The bill, which critics argue would have outlawed end-to-end encrypted apps and services because it ensured that companies must turn over readable data to law enforcement, had no support from the Senate, where the bill was raised because it would "undermine the foundation of cybersecurity for millions of Americans".
It also had no support from the Obama administration, or even the intelligence community, which the bill aimed to help.
Tech companies were also vehemently against the bill's efforts to compel companies to decrypt data at a court's request.
The bill was eventually declared dead. But that isn't going to stop Sens. Richard Burr (R-NC) and Dianne Feinstein (D-CA) from fighting to get it back on the table.

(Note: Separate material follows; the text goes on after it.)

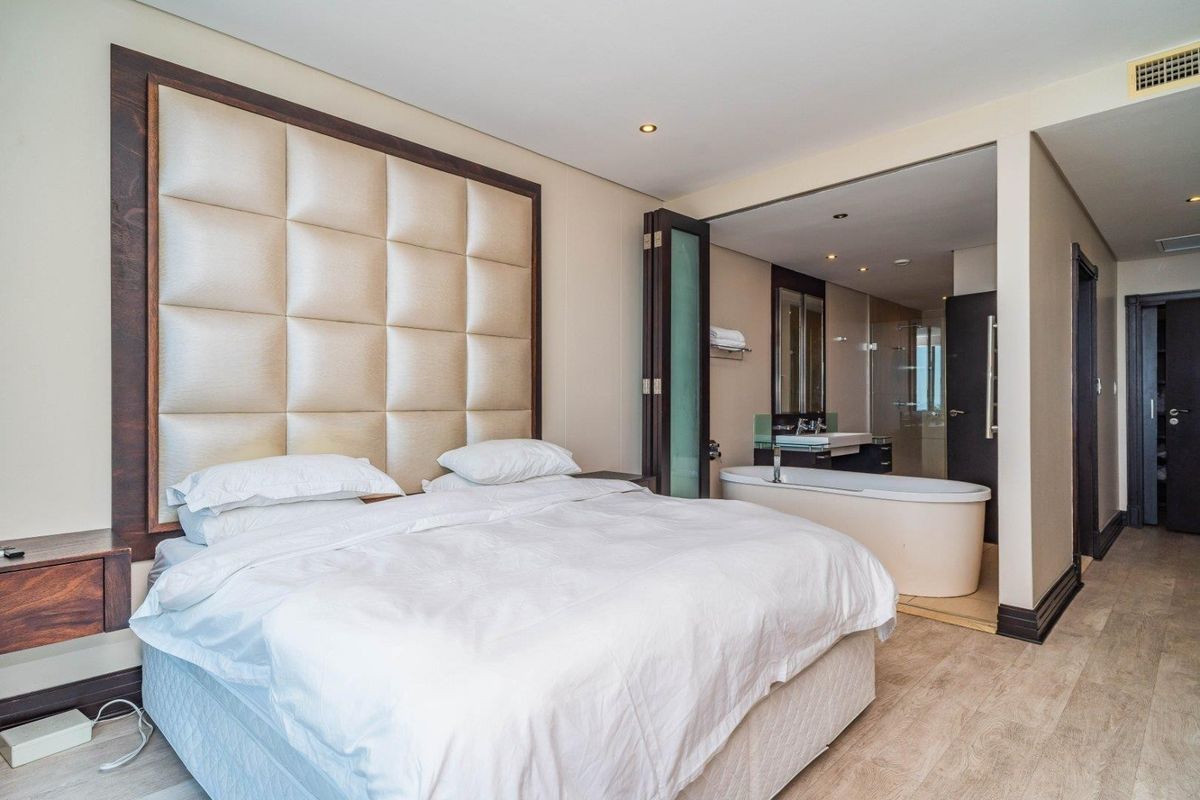 Modern bedroom featuring an integrated open-plan bathroom with a freestanding bathtub, vanity, and glass-enclosed shower, complemented by a large upholstered headboard.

A leaked copy of a revised draft detailing the proposed changes was obtained by Julian Sanchez, a senior fellow at the Cato Institute and writer at Just Security. The senators are said to be narrowing the scope of the bill but not in any meaningful way.
"Incorporating these changes... would yield something a good deal narrower than the original version of the bill, and therefore not subject to all the same objections that one met with," he said.
"It would still be a pretty bad idea," he said bluntly about the bill. "This debate clearly isn't going anywhere, however, and we're likely to see a good deal more evolution before anything is formally introduced," he added.
According to Vocativ, there is no formal new draft of the bill, but Feinstein is in the process of "soliciting ideas" to create a version of the bill that is more likely to pass.